Recorded data
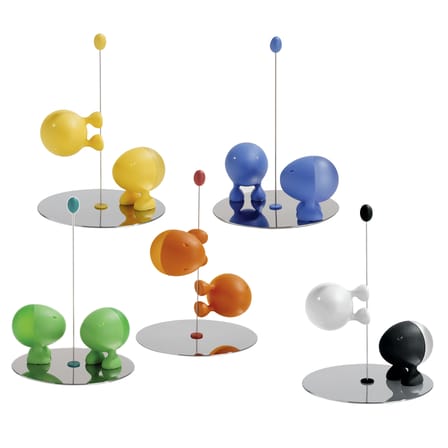 Ensemble salière et poivrière Lilliput plastique noir blanc - Alessi
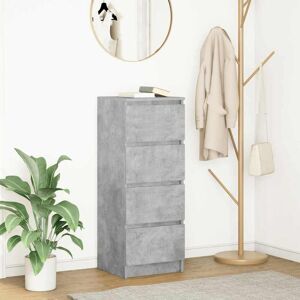vidaXL Skjenk betonggrå 37,5x35x99 cm konstruert tre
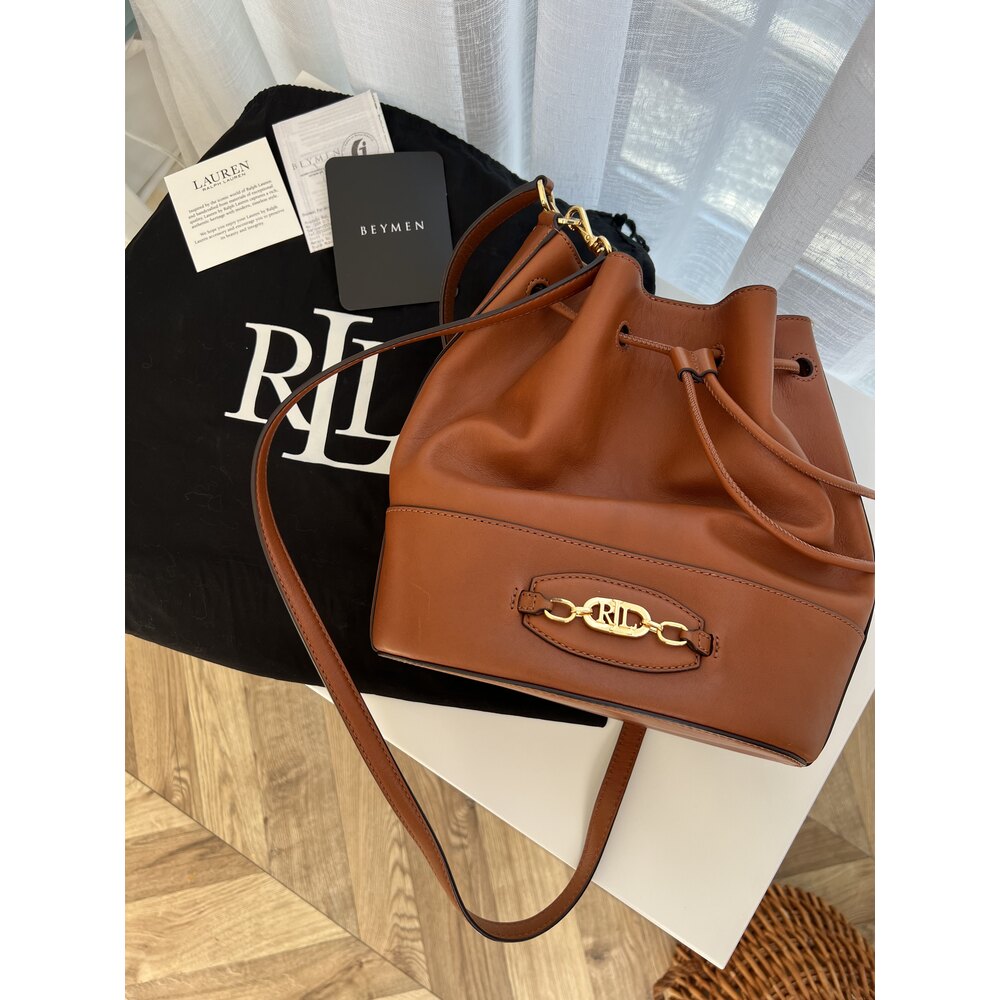 Ralph Lauren Gerçek Deri Beymen Çıkışlı Çanta
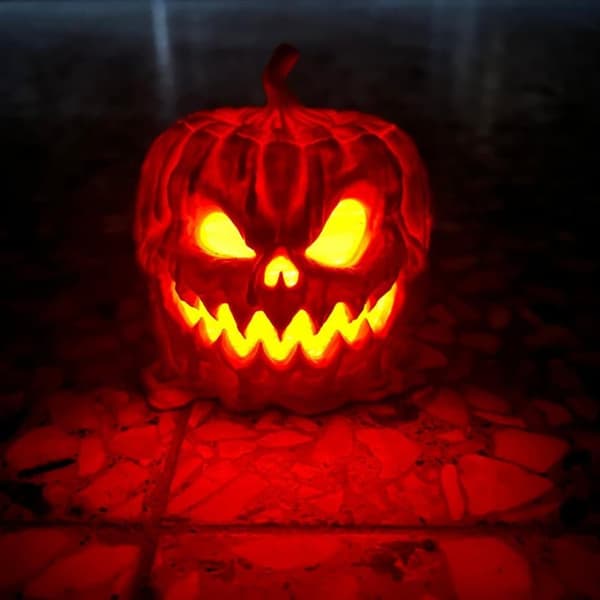 Halloween-gresskar-smeltende spøkelse Candy Bowl/Night Light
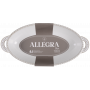 Форма овальная Limited Edition ALLEGRA BIEGE 34X16.5X6 см GJH010-34-2-129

Task directions
Please restate exactly the lines from the one containing "vidaXL Skjenk betonggrå" down to the end of the material, both ends kept, and do not include the pictures.

Solution for this problem
vidaXL Skjenk betonggrå 37,5x35x99 cm konstruert tre
 Ralph Lauren Gerçek Deri Beymen Çıkışlı Çanta
 Halloween-gresskar-smeltende spøkelse Candy Bowl/Night Light
 Форма овальная Limited Edition ALLEGRA BIEGE 34X16.5X6 см GJH010-34-2-129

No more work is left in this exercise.